David P. Gierga, PhD
Massachusetts General Hospital, Boston
Automated treatment planning is on the way
The goal of treatment planning in external beam radiotherapy is to implement the radiation oncologist’s prescription in the most optimal way. Treatment planning requires sophisticated tools but, for the sizable part, it is a manual, time-consuming process requiring multiple iterations to reach the desired goal. While some methods, such as multi-criteria optimization (Craft et al 2007), have been introduced to provide an optimal treatment plan with fewer iterations, significant effort is still required to progress through the treatment planning workflow.
Automated treatment planning has been proposed as a method to increase efficiency, ensure consistent plan quality, or to simply enable treatment planning in resource limited settings. One example of automated planning, knowledge-based planning, utilizes information from prior plans to predict the dose for future individual patients, based on their specific anatomy (Appenzoller et al 2012). Recently, knowledge-based planning has been used as a quality control tool for clinical trials and resulted in improved normal tissue sparing (Li et al 2017). Knowledge-based planning has also been used to automatically generate plans for stereotactic radiosurgery (Ziemer et al 2017). More recently, Kisling et al have developed a Radiation Planning Assistant, specifically developed for limited resource settings, to automatically generate plans for post-mastectomy radiation therapy.
Machine learning will also likely be utilized for a higher degree of automated treatment planning in the near future, with recent examples published by Nguyen et al for dose prediction for prostate and head and neck cancer patients. Finally, a recent publication by Zarepisheh et al successfully demonstrated that hierarchical constrained optimization can also be used for automatic intensity modulated radiation therapy (IMRT) treatment planning. In summary, multiple techniques have been developed for automated treatment planning, and will likely become prevalent within the next few years.
References:
- Craft, T. Halabi, H.A. Shih, T. Bortfeld. An approach for practical multi-objective IMRT treatment planning. Int J Radiat Oncol Biol Phys, 69(5), 2007.
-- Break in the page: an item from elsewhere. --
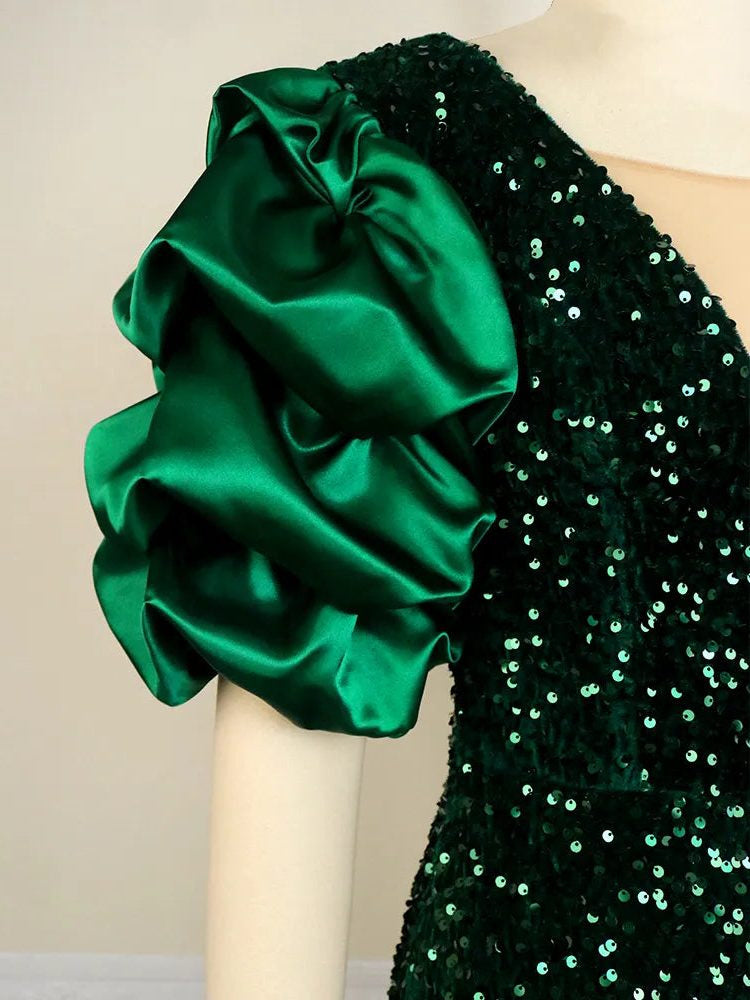 Festliches Kleid mit Pailletten und Puffärmeln mit Raffung für Damen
- M. Appenzoller, J.M. Michalski, W.L. Thorstad, S. Mutic, K.L. Moore. Predicting dose-volume histograms for organs-at-risk in IMRT planning. Med Phys 39(12), 2012.
- Li, R. Carmona, I. Sirak, L. Kasaova, D. Followill, J. Michalski, W. Bosch, W. Straube, L.K. Mell, K.L. Moore. Highly Efficient Training, Refinement, and Validation of a Knowledge-based Planning Quality-Control System for Radiation Therapy Clinical Trials. Int J Radiat Oncol Biol Phys 97(1), 2017.
- Ziemer, S. Shiraishi, J.A. Hattangadi-Gluth, P. Sanghvi, K.L. Moore. Fully automated, comprehensive knowledge-based planning for stereotactic radiosurgery: Preclinical validation through blinded physician review. Pract Rad Onc 7(6), 2017.
- Kisling, L. Zhang, S. F. Shaitelman, D. Anderson, T. Thebe, J. Yang, P.A. Balter, R.M. Howell, A. Jhingran, K. Schmeler, H. Simonds, M. du Toit, C. Trauernicht, H. Burger, K. Botha, N. Joubert, B.M. Beadle, L. Court. Automated treatment planning of postmastectomy radiotherapy. Med Phys 46(9), 2019.
- Nguyen, X. Jia, D. Sher, M.-H. Lin, Z. Iqbal, H. Liu, S. Jiang. 3D radiotherapy dose prediction on head and neck cancer patients with a hierarchically densely connected U-net deep learning architecture. Phys Med Biol, 64(6), 2019.
- Nguyen, T. Long, X. Jia, W. Lu, X. Gu, Z. Iqbal, S. Jiang. A feasibility study for predicting optimal radiation therapy dose distributions of prostate cancer patients from patient anatomy using deep learning. Scientific reports, 9(1), 2019.
- Zarepisheh, L. Hong, Y. Zhou, J.H. Oh, J.G. Mechalakos, M.A. Hunt, G.S. Mageras, J.O. Deasy. Automated intensity modulated treatment planning: The expedited constrained hierarchical optimization (ECHO) system. Med Phys 46(7), 2019.